Missing Piece

 My family got me a bread machine. Breadmaking is now fast and easy; well, faster and easier than breadmaking used to be.

Mother combined the yeast and water, then mixed it with the flour and other ingredients. Next she kneaded the bread, taking one side of the lump of dough and folding it over the other, time after time. The longer she kneaded, the better the bread would be. Then she would cover it with a clean cloth and set it aside usually on the top of the stove, where the
pilot light provided just enough heat for the dough to rise. An hour later, when the dough had risen to double its size, she punched the dough down, kneaded it a little more, pinched it off into rolls, which she placed on a greased cookie sheet to rise the second time and baked till a lovely brown.

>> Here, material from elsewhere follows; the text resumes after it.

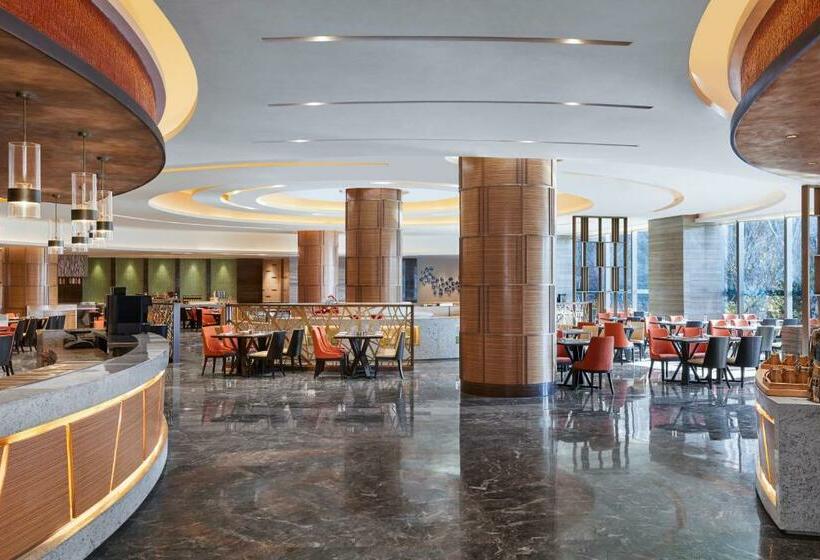 디럭스 룸 도시 전망, Sheraton Beijing Lize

There was no one who ever turned down her rolls and cinnamon rolls. 25 years as a cook in the school cafeteria made her one of the best bread bakers in town.

Ok, so my bread is not as good as mom’s, but it is good. I got my bread machine out to make bread recently. I opened my package of bread mix, put the water in the bottom of the machine’s bowl, the flour on top of that and the yeast on top of that. I started the machine and then went about my day,  cleaning house. I came back about 30 minutes later to check on the bread and found that the machine was running but nothing was happening. There was no bread that day. It was a flop.

When I took the dough out, cleaned it all up and investigated, I discovered that there was a little plastic paddle missing from the bottom of the dough bowl. That piece stirs and kneads the dough. Without it, there  will be no bread. My $50 bread machine is worthless without that piece. I called the bread machine company and they sent me a new paddle free of
charge.

Maybe you are like that little plastic paddle–small, inexpensive, not very important looking. You may think that you don’t
matter. If you miss church this Sunday, no one will even notice. You think, “They have so many other people that they will never miss me,” but the truth is that every person has value and importance in the plan of God.

I Corinthians 12:27 says “Now you are the body of Christ and each one of you is a part of it.”

You might be the important little plastic paddle in God’s breadmaker.